Should you trust that official-sounding guy on the phone trying to talk you into transferring cash from your account to his? Well, we're going to go out on a limb here and say no, but in case that's not so obvious, new voice analysis technology out of Japan promises to help spot the scammers for you.
Nagoya University and Fujitsu have created software they say can automatically identify situations in which one party might "overtrust" the other. It does so by detecting changes in voice pitch and volume level that can occur under psychological duress.

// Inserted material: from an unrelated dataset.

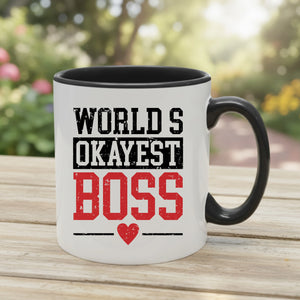 World's Okay Est Boss Mug -PA428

By combining this technology with keywords such as "indebtedness" or "compensation" that are characteristic to a specific type of remittance-soliciting phone-phishing scam called furikomesagi, the researchers have developed a setup now being tested in collaboration with the National Police Agency of Japan and the Bank of Nagoya.
Furikomesagi ploys, which the researchers dub a "serious social problem in Japan," typically target the elderly over the phone.
Perpetrators often pose as an acquaintance of the intended victim or a person in a position of authority, such as a police officer or lawyer, to convey distressing information relating to a scandal or crime supposedly committed by an acquaintance of the victim. Surprise, surprise, it's all meant to deceive people into wiring large amounts of money.
The new system aims to protect victims of such schemes by alerting them, as well as family members or other objective third parties, that a ruse is afoot. Tests of the technology identified remittance fraud with more than 90 percent accuracy, the researchers said.
While speech recognition systems have previously employed keyword-detecting technology, the new system goes a step further by also taking into consideration the psychological stress that can occur when someone is receiving distressing information that catches them by surprise, confuses them, or impairs their judgment.
Meanwhile, the scam-stopping setup joins a growing list of technologies that purport to understand the subtleties of human character and communication in voice, writing, and even photos. Among these are Exaudios' system, which examines phone callers' intonations to tell if they are happy, sad, or angry; and ToneCheck, a "spell-checker" for sentiment in e-mail.
Israeli researchers have developed one tool that spots words, phrases, and even metaphors indicating depression in online text, and another that purports to spot sarcasm. And yet another tool examines images of faces for traits such as competence, trustworthiness, meanness, dominance, and extroversion.